- **What you have to do**
Any pictures in the records below must be left out when you repeat the lines from the line containing "JA4AD2A34JZ055720 Photo# 7" through the line containing "ESKA Car fuse holder 10 A 1 pc(s)" exactly.

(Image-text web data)
+--

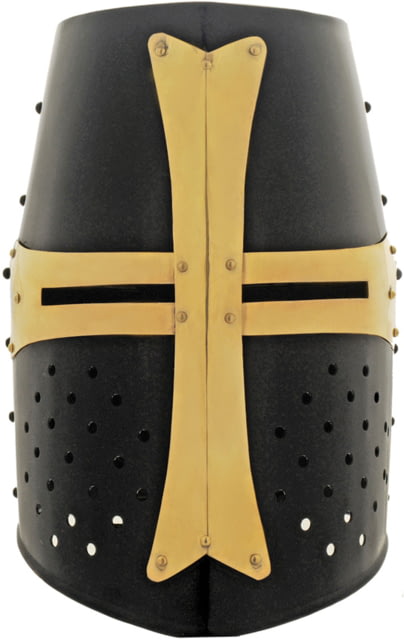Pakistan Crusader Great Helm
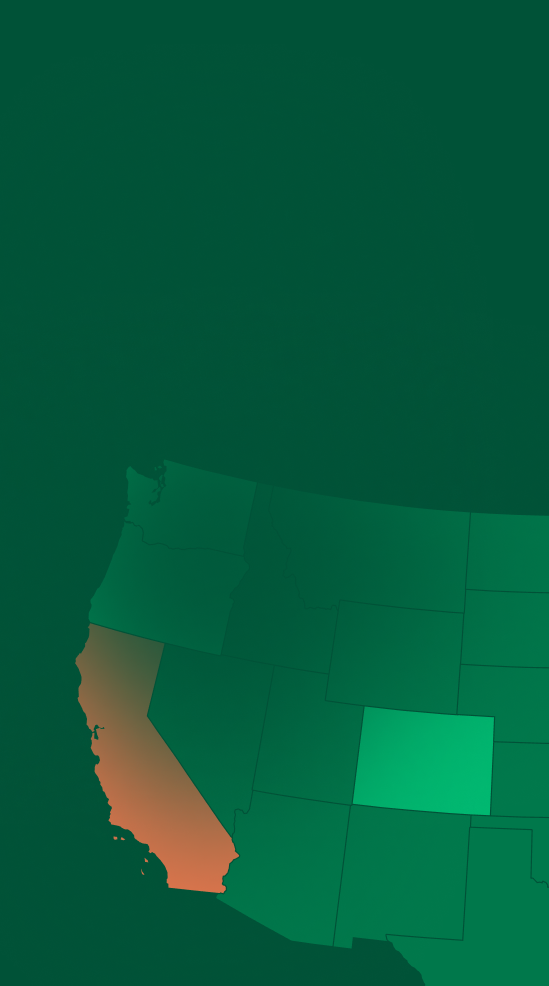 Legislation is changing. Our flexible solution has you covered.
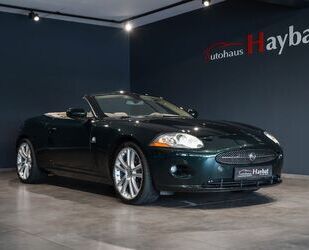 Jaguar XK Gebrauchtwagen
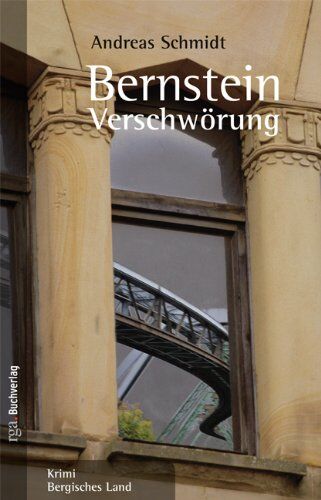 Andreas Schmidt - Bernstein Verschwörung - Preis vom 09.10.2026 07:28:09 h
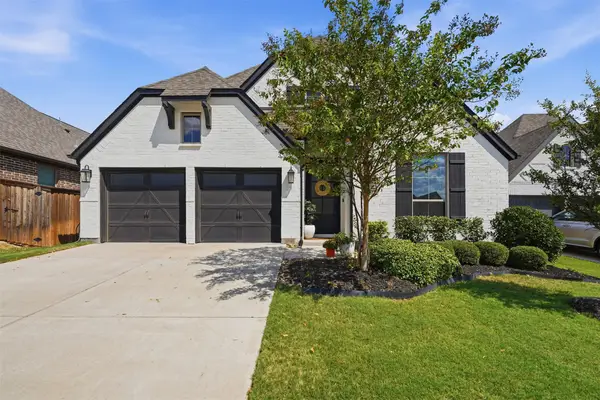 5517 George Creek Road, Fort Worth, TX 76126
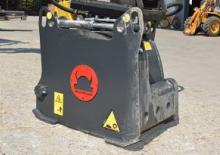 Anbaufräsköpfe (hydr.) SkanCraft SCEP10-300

+--

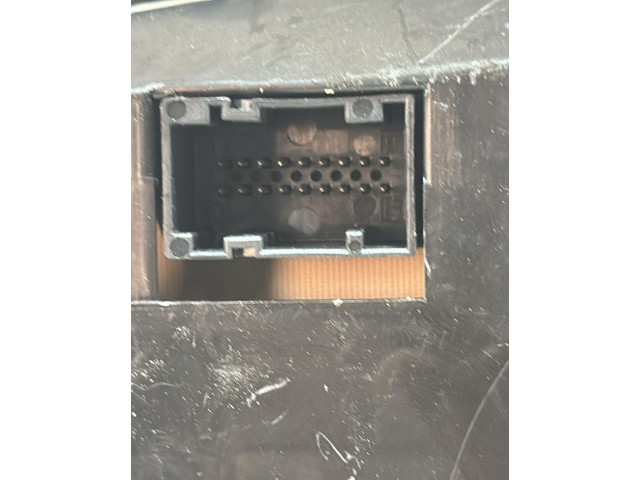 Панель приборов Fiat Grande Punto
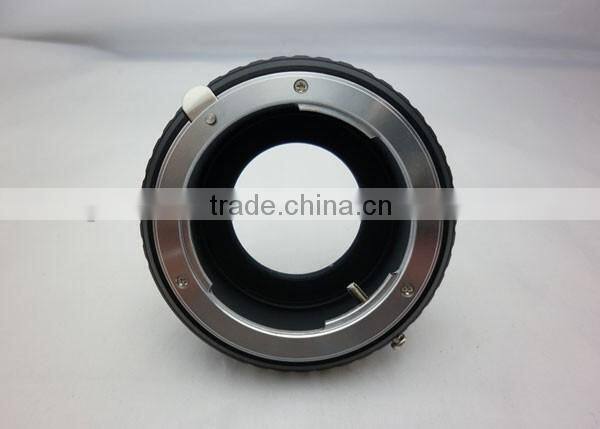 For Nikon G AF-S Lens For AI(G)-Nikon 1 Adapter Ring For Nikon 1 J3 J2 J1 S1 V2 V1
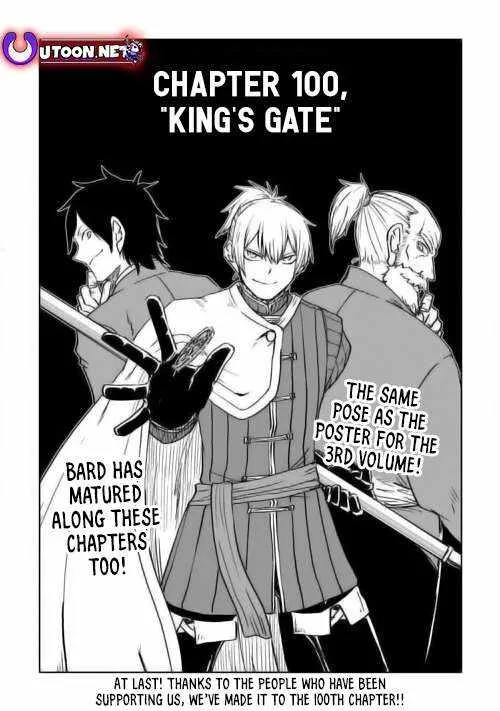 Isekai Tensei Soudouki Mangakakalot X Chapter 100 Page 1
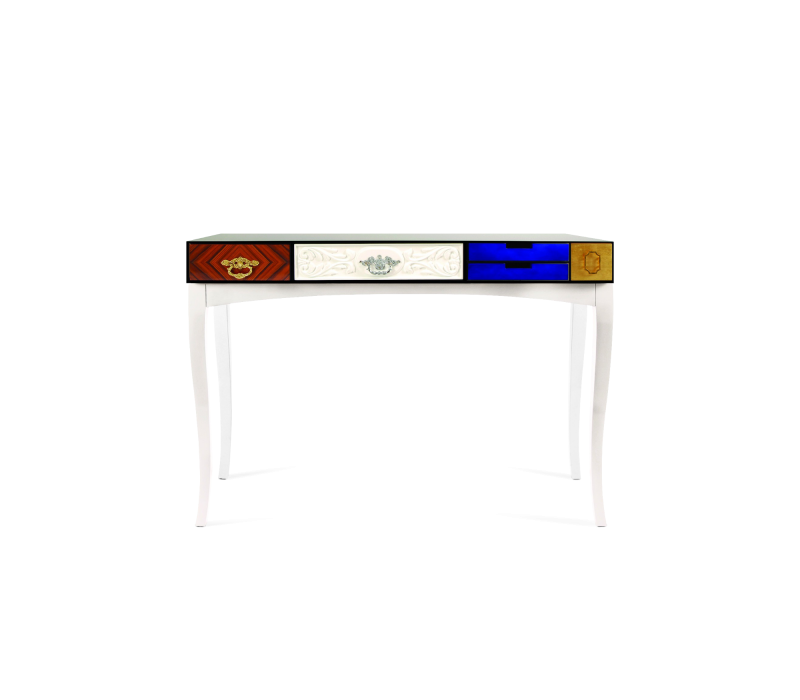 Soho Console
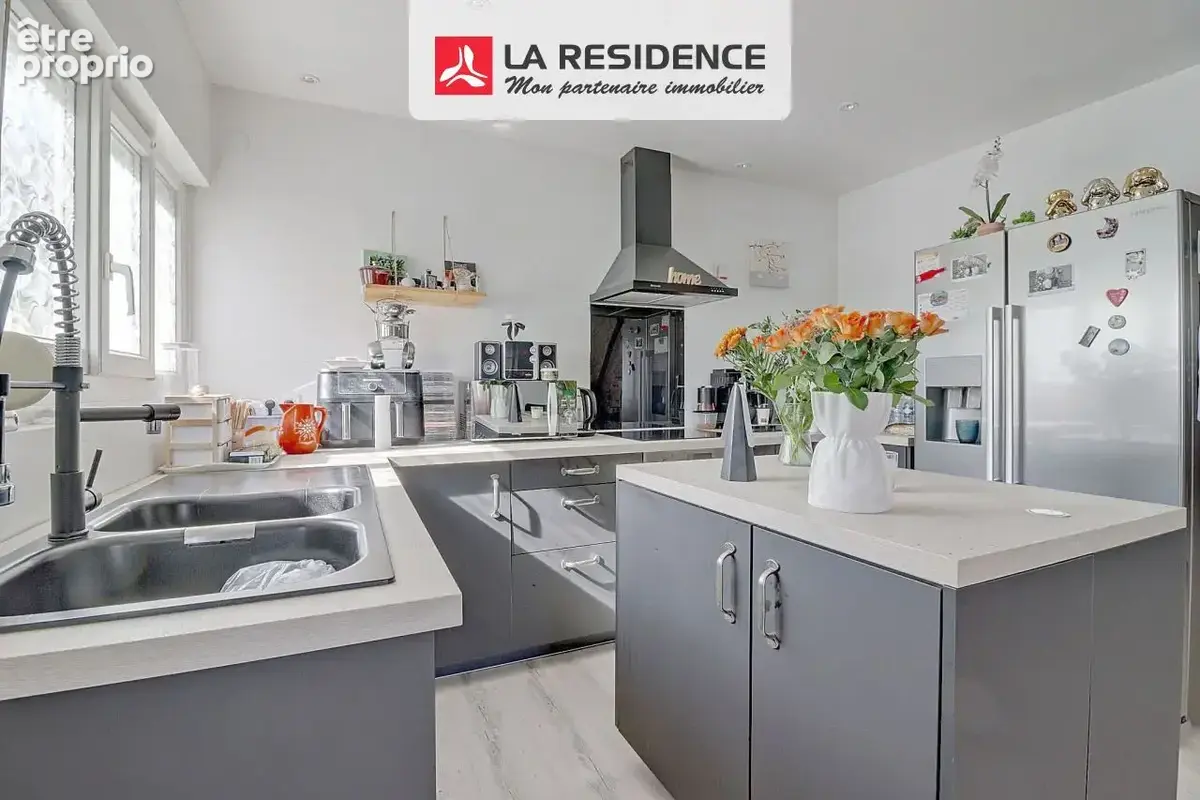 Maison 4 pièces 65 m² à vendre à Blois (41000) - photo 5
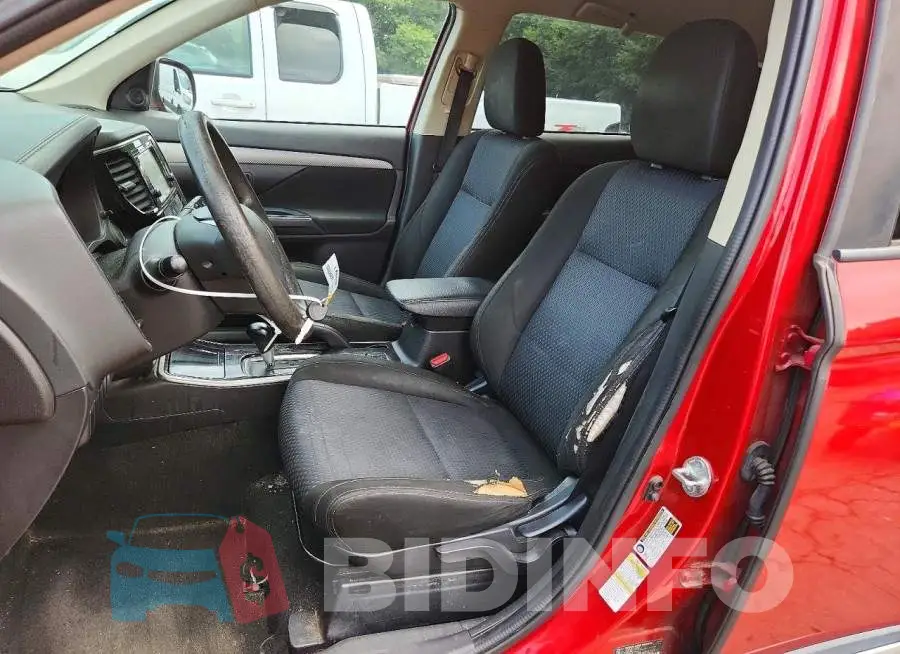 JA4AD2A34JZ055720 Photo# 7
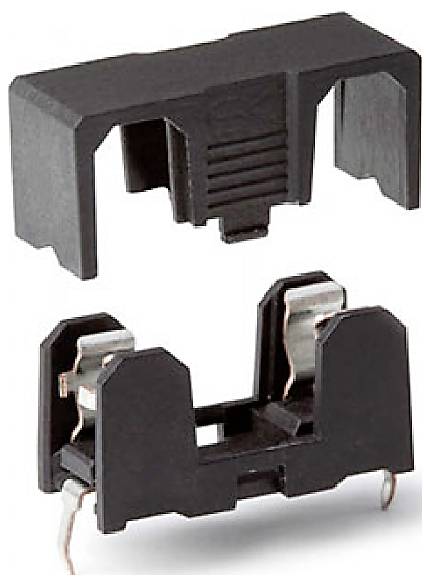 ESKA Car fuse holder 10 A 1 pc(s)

+--

- **Response to this exercise**
 JA4AD2A34JZ055720 Photo# 7
 ESKA Car fuse holder 10 A 1 pc(s)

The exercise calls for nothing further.